Echinacea has also been claimed to be an effective remedy for a wider range of ailments, such as:

  • pain relief, including migraine relief
  • antioxidant for long-term protection against inflammation caused by DNA-damaging free radicals
  • respiratory system – fights bacterial and viral respiratory infections, reduces asthma symptoms
  • immune booster and antimicrobial, fighting infections such as diphtheria, gum disease, malaria, septicemia, urinary tract infections, yeast infections
  • addresses digestive complaints such as acid indigestion and constipation
  • lowers blood sugar
  • reduces inflammation in rheumatoid arthritis
  • preliminary studies suggest Echinacea may stimulate the immune response in people with chronic fatigue syndrome
  • treatment for ADHD* (Echinacea angustifolia only) and anxiety
  • skin conditions – helping to heal stings and snake bites, eczema, inflammatory skin conditions, accelerates wound healing

*Dr Josh Axe recommends a dose of 20mg and no more, for the treatment of mental health conditions associated with ADHD in children and adults. Anxiety, depression and social phobias in people with ADHD have all shown improvement following treatment with Echinacea angustifolia.

 

Make sure you’re getting the real deal!

Some low-quality products have been tested and found to contain heavy metals such as lead and arsenic. Others have been tested and found to contain no Echinacea at all!

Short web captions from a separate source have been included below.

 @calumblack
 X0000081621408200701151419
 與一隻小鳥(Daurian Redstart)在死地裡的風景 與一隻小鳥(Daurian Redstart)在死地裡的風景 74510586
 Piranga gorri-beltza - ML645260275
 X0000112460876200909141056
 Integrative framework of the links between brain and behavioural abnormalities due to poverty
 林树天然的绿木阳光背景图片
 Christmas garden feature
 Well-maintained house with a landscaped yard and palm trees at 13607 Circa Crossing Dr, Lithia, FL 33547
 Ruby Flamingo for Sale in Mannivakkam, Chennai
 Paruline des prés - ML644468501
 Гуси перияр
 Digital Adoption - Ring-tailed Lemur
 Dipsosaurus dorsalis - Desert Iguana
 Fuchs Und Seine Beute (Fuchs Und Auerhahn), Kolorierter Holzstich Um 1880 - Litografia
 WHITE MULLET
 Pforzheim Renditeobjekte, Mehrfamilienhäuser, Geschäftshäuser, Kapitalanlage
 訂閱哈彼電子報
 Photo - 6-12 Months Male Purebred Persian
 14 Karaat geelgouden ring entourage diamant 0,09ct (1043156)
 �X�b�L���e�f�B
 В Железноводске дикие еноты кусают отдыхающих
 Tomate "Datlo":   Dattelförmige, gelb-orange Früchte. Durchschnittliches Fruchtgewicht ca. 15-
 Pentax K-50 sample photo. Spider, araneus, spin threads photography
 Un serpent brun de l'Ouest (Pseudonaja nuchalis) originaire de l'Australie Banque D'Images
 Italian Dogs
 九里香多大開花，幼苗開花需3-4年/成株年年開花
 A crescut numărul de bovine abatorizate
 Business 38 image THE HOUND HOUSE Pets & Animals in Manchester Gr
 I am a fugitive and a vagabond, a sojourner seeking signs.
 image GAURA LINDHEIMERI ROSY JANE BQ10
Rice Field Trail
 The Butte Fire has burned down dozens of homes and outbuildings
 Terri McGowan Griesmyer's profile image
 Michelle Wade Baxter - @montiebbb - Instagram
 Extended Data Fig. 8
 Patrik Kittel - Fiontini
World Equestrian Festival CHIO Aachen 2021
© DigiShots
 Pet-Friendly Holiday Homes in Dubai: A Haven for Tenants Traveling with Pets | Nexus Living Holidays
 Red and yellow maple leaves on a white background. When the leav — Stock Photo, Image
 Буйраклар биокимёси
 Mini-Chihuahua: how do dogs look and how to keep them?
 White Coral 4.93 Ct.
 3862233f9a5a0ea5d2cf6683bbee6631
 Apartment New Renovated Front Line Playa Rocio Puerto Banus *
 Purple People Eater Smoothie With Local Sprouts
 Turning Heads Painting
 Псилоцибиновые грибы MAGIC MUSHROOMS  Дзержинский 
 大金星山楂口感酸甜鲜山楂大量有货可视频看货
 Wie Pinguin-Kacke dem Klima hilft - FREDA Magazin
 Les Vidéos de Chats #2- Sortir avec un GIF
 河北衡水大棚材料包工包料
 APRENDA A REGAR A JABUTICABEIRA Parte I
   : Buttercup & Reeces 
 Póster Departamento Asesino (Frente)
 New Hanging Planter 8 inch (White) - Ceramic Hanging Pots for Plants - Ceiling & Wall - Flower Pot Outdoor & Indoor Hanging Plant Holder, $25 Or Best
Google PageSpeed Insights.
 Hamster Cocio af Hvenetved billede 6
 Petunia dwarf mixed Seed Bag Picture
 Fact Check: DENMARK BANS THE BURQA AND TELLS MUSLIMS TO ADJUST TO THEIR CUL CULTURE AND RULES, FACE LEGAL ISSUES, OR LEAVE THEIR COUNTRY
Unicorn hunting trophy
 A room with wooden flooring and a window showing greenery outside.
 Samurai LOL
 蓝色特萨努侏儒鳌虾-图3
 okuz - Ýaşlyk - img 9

So be sure to choose an Echinacea product that is tested for purity, and contains genuine Echinacea plant extracts, such as About Health’s Oli Resist, which contains three key immune boosting ingredients: olive leaf extract, which has antioxidant and antimicrobial effects; the protective and restorative Schisandra, which reduces sensitivity to stress at times when we may be susceptible to illness; and extract from the root system of Echinacea angustifolia.

Although there are minimal side effects from taking Echinacea, high doses can cause dizziness and nausea, especially in people with allergies. So proceed with caution and try a low dose first. Although it may not be recommended for treating seasonal allergies, there has been some evidence that Echinacea can help to manage asthma.